Zemun and the southeastern Syrmia was taken by the Austrian Habsburgs in 1717 and became a feudal property of the Schönborn family. Zemun was the site of a peasant revolt in 1736, as well as continued border wars with the Ottomans. The Treaty of Belgrade of 1739 finally fixed the border, the Military Frontier was organized in the region in 1746, and the town of Zemun was granted the rights of a military commune in 1749. In 1754, the population of Zemun included 1,900 Orthodox Christians, 600 Catholics, 76 Jews, and about 100 Roma. In 1777, the population of Zemun numbered 1,130 houses with 6,800 residents, half of which were ethnic Serbs, while another half of population was composed of Catholics, Jews, Armenians and Muslims. Among Catholic population, the largest ethnic group were Germans. From this period originates the increased settlement of Germans and Hungarians in the Zemun.

Zemun prospered as an important road intersection and a border city. In 1816 it was greatly expanded by mass resettlement of Germans and Serbs in the new town suburbs of Franztal and Gornja Varoš, respectively. In the 19th century, Zemun reached 7,089 residents and 1,310 houses. Zemun also became important in Serbian history as the refuge for Karađorđe in 1813 as well as many other people from the nearby Belgrade and the rest of Serbia which was still under Ottoman rule.

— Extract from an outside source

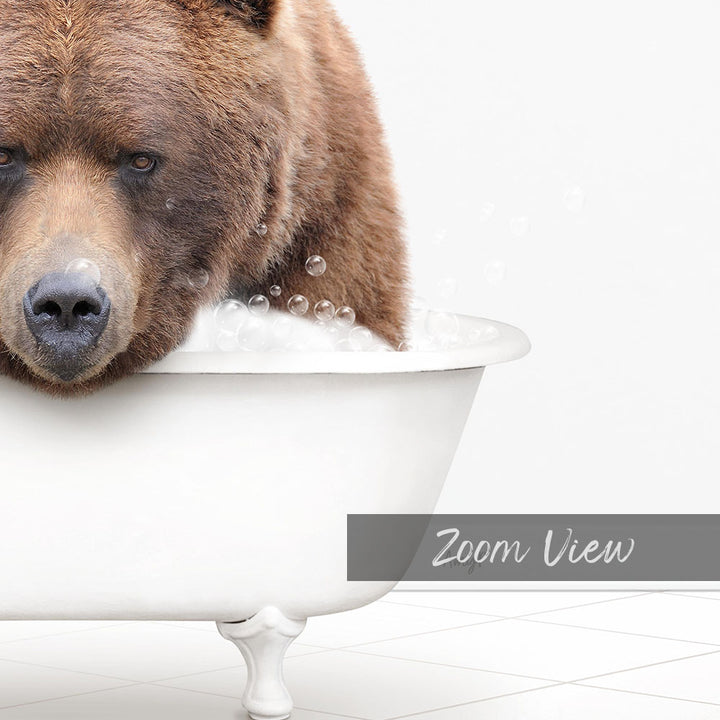 A brown bear is sitting in a white bathtub filled with bubbles, creating a whimsical and playful scene.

View of Belgrade from ZemunDuring the Revolution of 1848-1849, Zemun was one of the de facto capitals of Serbian Vojvodina, a Serbian autonomous region within Habsburg Empire, but in 1849, it was returned under the administration of the Military Frontier. With the abolishment of the Military Frontier in 1882, Zemun and the rest of Srem was included into Croatia-Slavonia, an autonomous land part of the Hungarian kingdom. The first railway line that connected it to the west was built in 1883, and the first railway bridge over the Danube followed shortly thereafter in 1884.

During the First World War in 1914, Zemun changed hands between Serbia and Austria-Hungary, finally ending up in Serbia on November 5, 1918. The town became part of the Kingdom of Serbs, Croats and Slovenes (later Kingdom of Yugoslavia). The inter-war period was marked by political struggle between the city gentry (organized into the Serbian Radical Party, Serbian Democratic Party and the Croatian Peasant Party) and the more socialist parties supported by the ethnic Germans.

In 1934 two intra-city bus lines were introduced connecting Zemun with the parts of Belgrade, and the general shift of attention towards this issue was supported by the growing Serbian population of Zemun. The Zemun airbases originally built in 1927 were an important geostrategic objective in the Axis invasion of April 1941.

During the Slobodan Milošević's regime late years, Zemun became a stronghold of notorious Zemun clan, one of principal organized crime cartels in Belgrade. The clan's criminal activity continued after Milošević's fall. Bosses and prominent members of this clan have been tried and convicted for the assassination of Serbian prime minister Zoran Đinđić. On July 21, 2008, Radovan Karadžić was arrested in Zemun, where he was practicing alternative medicine under the name Dragan Dabić.